── Provided entries ──

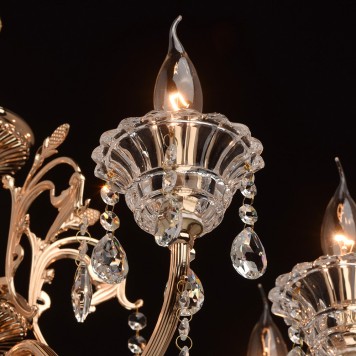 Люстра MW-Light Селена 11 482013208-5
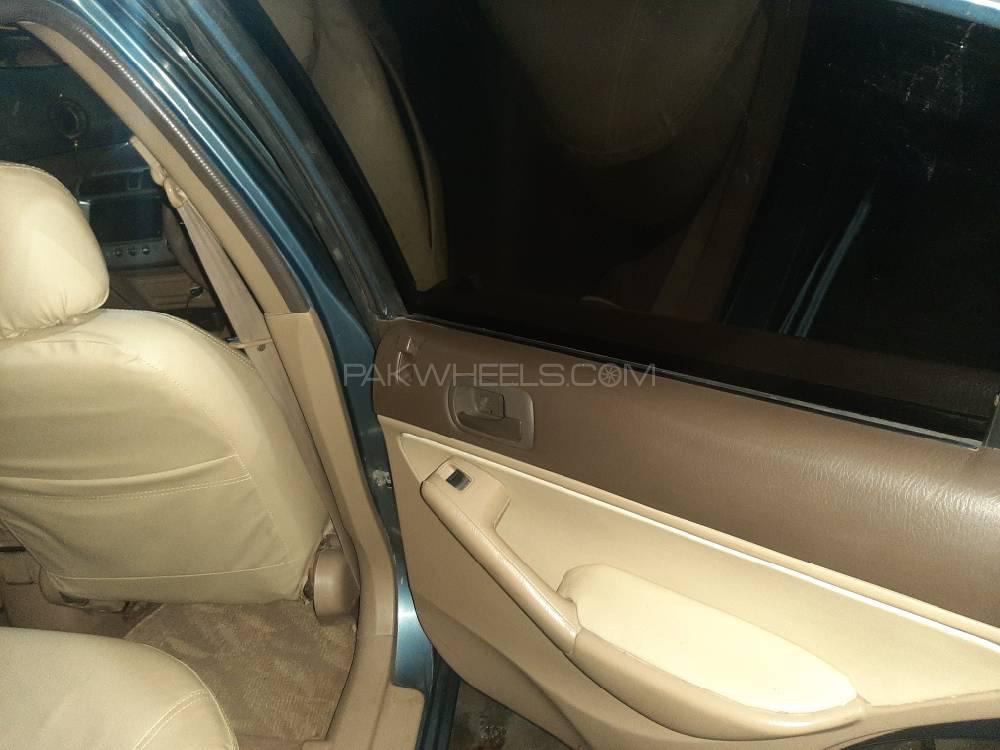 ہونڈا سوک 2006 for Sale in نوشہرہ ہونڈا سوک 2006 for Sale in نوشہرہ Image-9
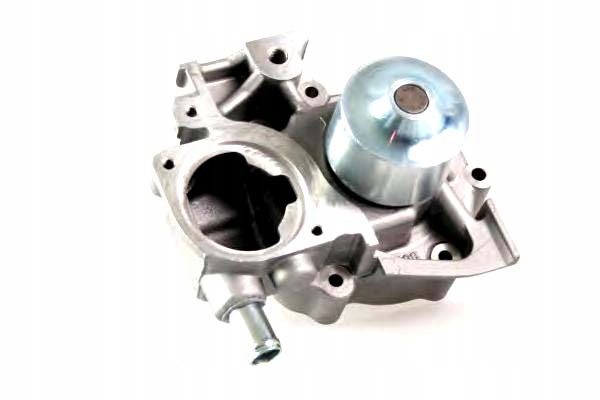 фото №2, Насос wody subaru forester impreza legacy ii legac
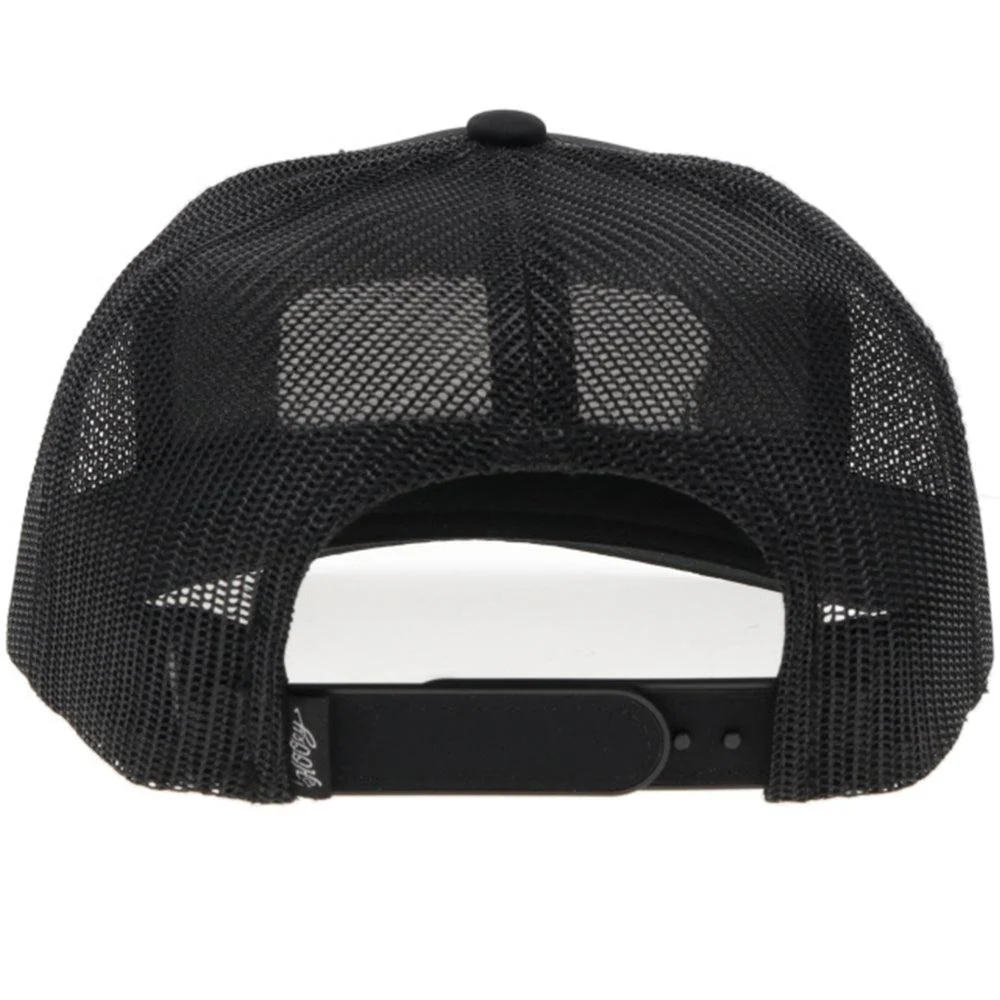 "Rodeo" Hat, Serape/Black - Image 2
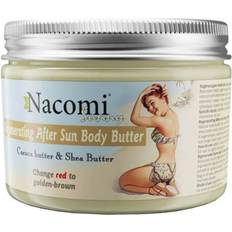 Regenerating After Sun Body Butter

───

- Problem description:
Pictures aside, set down the lines from the one containing "Serape/Black - Image 2" through the end of the records above, exactly and only those.

- Exercise output:
 "Rodeo" Hat, Serape/Black - Image 2
 Regenerating After Sun Body Butter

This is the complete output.